FiresideSubtitles

A simple Python project that provides transcription, speaker diarization, and face detection in a simple package.

More to come!

Preparing Environment

Prepare the .env file in the root of the cloned project with the following keys:
- HUGGING_FACE_TOKEN: Specifies the Hugging Face token to use
- SHOULD_TRAIN_FACES_BEFORE_EXECUTION: Specifies whether face recognition data should be retrained before execution
- SHOULD_SHOW_PREVIEWS: Specifies whether a preview of the current frame will be displayed during processing
- FILENAME_TO_PROCESS: Specifies the filename to process, without its extension
```
HUGGING_FACE_TOKEN=xxxxx

SHOULD_TRAIN_FACES_BEFORE_EXECUTION=1
SHOULD_SHOW_PREVIEWS=1

FILENAME_TO_PROCESS="Rick Astley - Never Gonna Give You Up"
```
Accept the conditions of use for the pyannote/speaker-diarization-3.1 pipeline on Hugging Face.
Install Homebrew, and run brew install ffmpeg cmake in your Terminal.
Run pip install -r requirements.txt in your Terminal, from the project root.

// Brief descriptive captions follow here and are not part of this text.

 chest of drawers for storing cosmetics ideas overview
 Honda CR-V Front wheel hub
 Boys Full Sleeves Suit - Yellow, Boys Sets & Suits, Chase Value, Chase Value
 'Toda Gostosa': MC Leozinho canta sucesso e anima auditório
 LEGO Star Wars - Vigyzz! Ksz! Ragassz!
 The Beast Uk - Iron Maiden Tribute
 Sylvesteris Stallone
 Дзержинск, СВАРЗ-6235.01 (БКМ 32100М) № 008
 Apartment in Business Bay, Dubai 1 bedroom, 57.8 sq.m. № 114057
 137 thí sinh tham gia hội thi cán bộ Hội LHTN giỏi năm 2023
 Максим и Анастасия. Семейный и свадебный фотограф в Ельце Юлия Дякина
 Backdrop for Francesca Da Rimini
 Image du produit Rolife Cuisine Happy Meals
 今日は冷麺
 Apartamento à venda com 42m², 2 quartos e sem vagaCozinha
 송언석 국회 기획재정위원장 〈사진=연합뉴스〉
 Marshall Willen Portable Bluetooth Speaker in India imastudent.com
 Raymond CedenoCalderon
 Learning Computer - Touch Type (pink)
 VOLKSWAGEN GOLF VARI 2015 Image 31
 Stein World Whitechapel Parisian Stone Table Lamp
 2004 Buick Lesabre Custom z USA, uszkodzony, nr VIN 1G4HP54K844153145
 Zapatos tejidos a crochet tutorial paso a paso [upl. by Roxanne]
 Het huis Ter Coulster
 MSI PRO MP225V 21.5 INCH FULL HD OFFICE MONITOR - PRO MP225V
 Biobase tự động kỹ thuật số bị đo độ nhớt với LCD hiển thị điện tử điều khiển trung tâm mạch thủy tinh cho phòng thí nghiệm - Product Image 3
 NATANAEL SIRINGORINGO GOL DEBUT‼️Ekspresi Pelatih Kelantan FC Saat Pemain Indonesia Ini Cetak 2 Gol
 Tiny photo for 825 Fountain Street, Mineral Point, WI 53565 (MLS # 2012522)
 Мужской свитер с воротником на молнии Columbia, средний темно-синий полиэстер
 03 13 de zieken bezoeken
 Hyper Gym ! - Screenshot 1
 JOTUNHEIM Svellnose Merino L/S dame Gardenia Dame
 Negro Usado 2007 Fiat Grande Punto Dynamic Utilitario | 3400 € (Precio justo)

Create a media folder in the project root.
In the media folder, create an input folder, and put your video files in that folder.

If you are using face recognition (label_faces), you will need to prepare a set of embeddings to use.

Create a models folder in the project root.
In the models folder, create a faces folder.
In the faces folder, insert photos of people you want to identify, separated by folders based on the person.
Run training.py to generate the embeddings required for face recognition.